Perhaps the film I was most disappointed to miss at January's Sundance Film Festival was “Land Ho!,” an Iceland-set road comedy from directors Aaron Katz and Martha Stephens. I've been a Katz fan for some time: his third feature, the Portland semi-noir “Cold Weather,” landed in my 2010 Top 10. (I also interviewed him at that year's London Film Festival.)
So it's nice to see him rising through the distribution ranks: IFC Films taking “Cold Weather” was a step up from the ultra-indie distributors of his first two features, and “Land Ho!” went one better, scoring a deal with Sony Pictures Classics. SPC will release the film in New York and Los Angeles on July 11, a couple of weeks after it plays the LA Film Fest; it also surfaces this month at the Tribeca Film Festival.
“Land Ho!” follows the low-key adventures of a pair of former brothers-in-law, both retired, who travel to Iceland to celebrate one of the men's recent divorce. Camping, carousing and general chasing of lost youth ensue, though it's a safe enough guess that Katz and Stephens have not taken the “Last Vegas” route. HitFix's Dan Fienberg was an admirer at Sundance, describing it as “funny and moving” and “a perfectly cast buddy romp.”

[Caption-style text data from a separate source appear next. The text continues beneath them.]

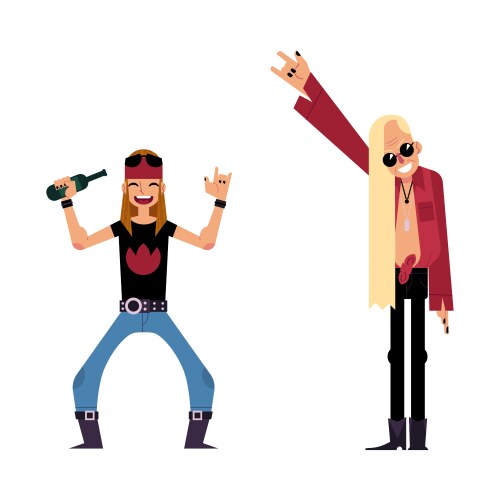 Rocker Cartoon Vector Images (over 2,600)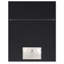 Voilier 1 «Blueprint - Black - Floater Frame», impression sur toile-46828646-46828648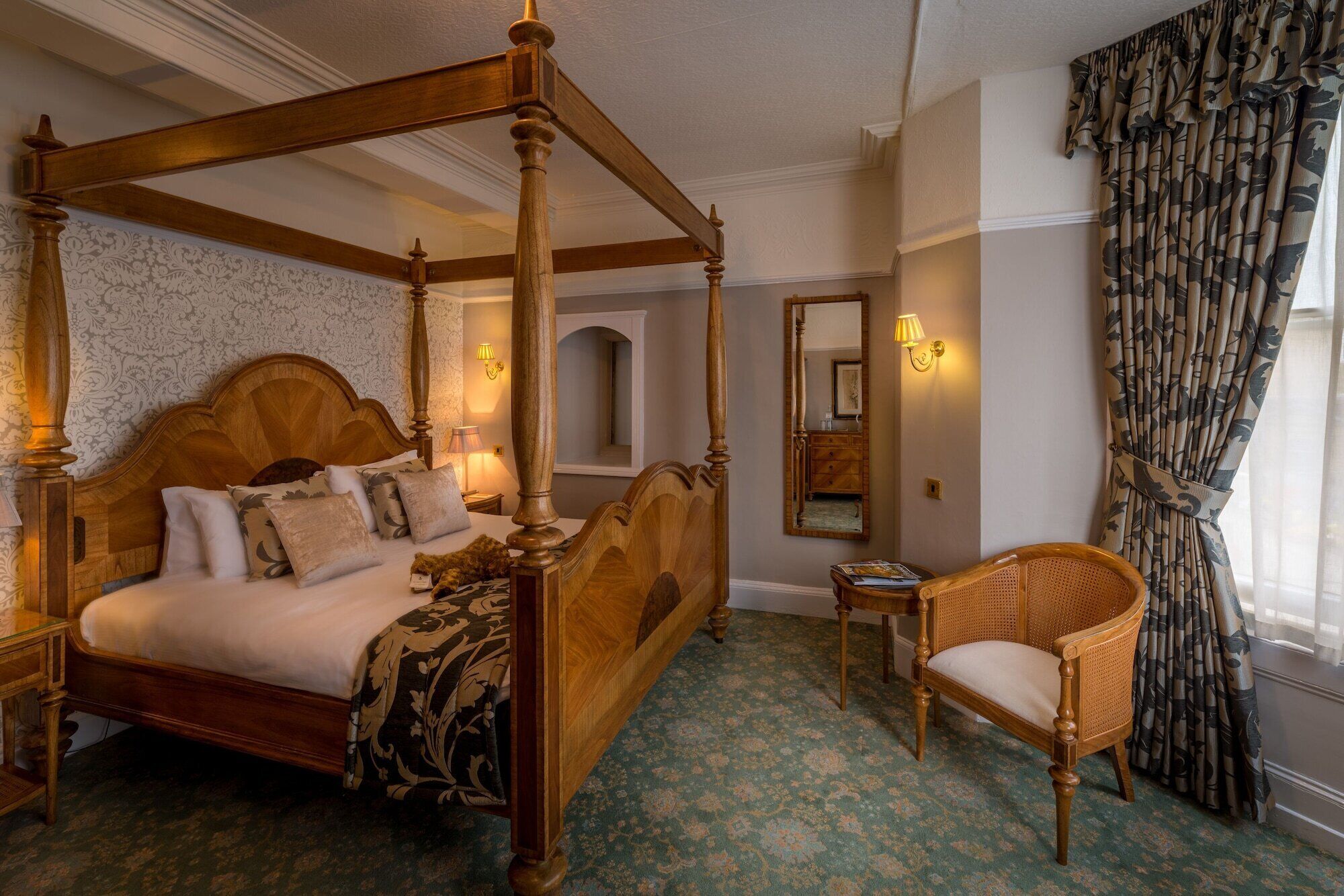Foto - Old Hall Hotel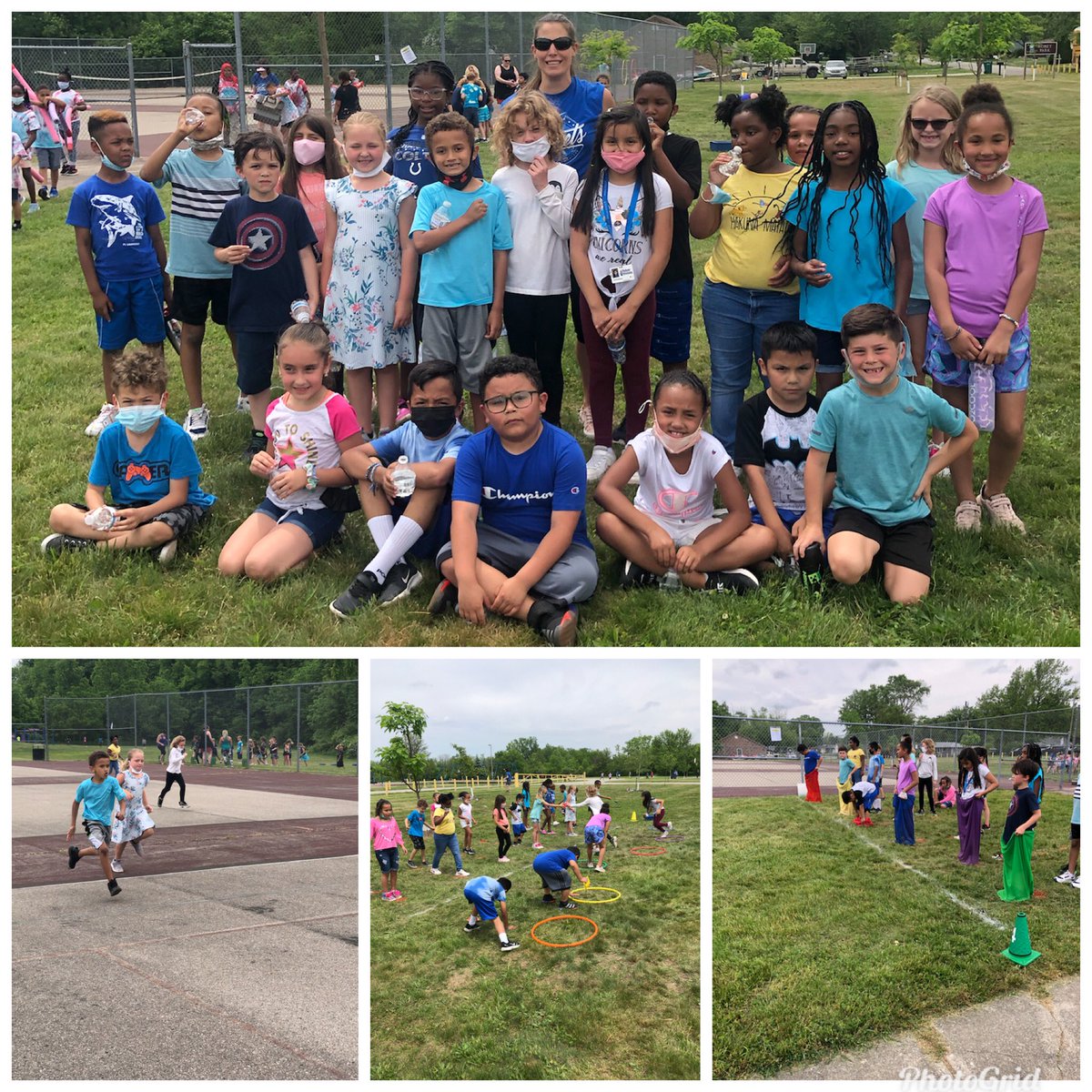 MsLindsay09's tweet photo. @RobeyRockets Pandemic Relays! Thank you to everyone who made this a fun event for the kids! They loved it! @dkrocket #wearewayne https://t.co/Jec01BcP9s
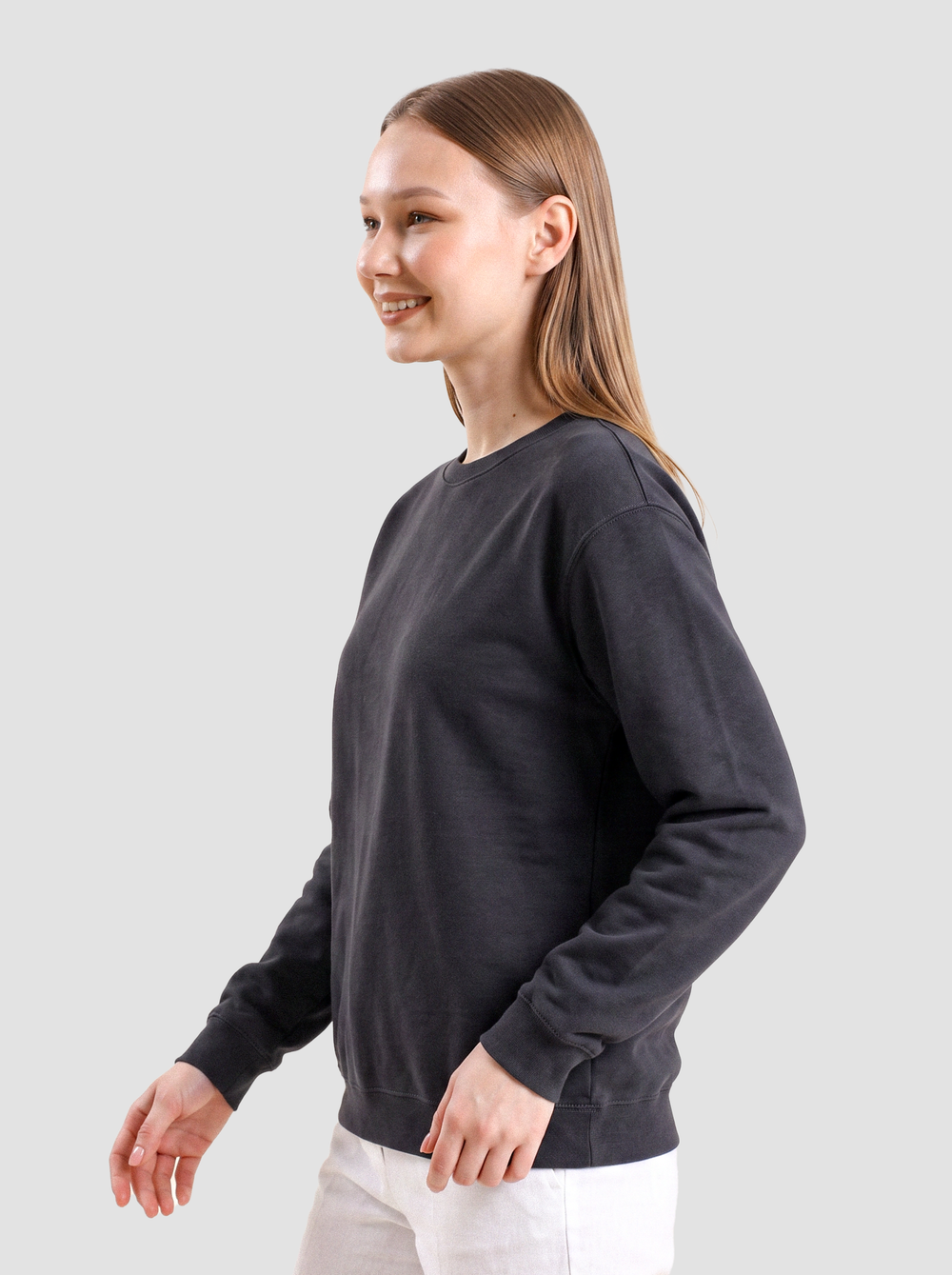 Gildan Unisex Softstyle Midweight Crewneck Sweatshirt - SF000 thumbnail 2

Playing the leads are Paul Eenhoorn, who made such a strong impression last year in Chad Hartigan's “This is Martin Bonner,” and Earl Lynn Nelson, whose previous acting experience is limited to Stephens' last two features. Katz's fellow North Carolina School of the Arts graduate David Gordon Green (whose own new film “Joe” opens Friday) takes an executive producer credit.
Other Sundance premieres scooped by Sony Classics are Grand Jury Prize winner “Whiplash,” “The Raid 2” and Mark Ruffalo crowdpleaser “Infinitely Polar Bear,” so “Land Ho!” is in pretty good company. It'll presumably join Woody Allen's “Magic in the Moonlight” on the company's summer arthouse counter-programming bill.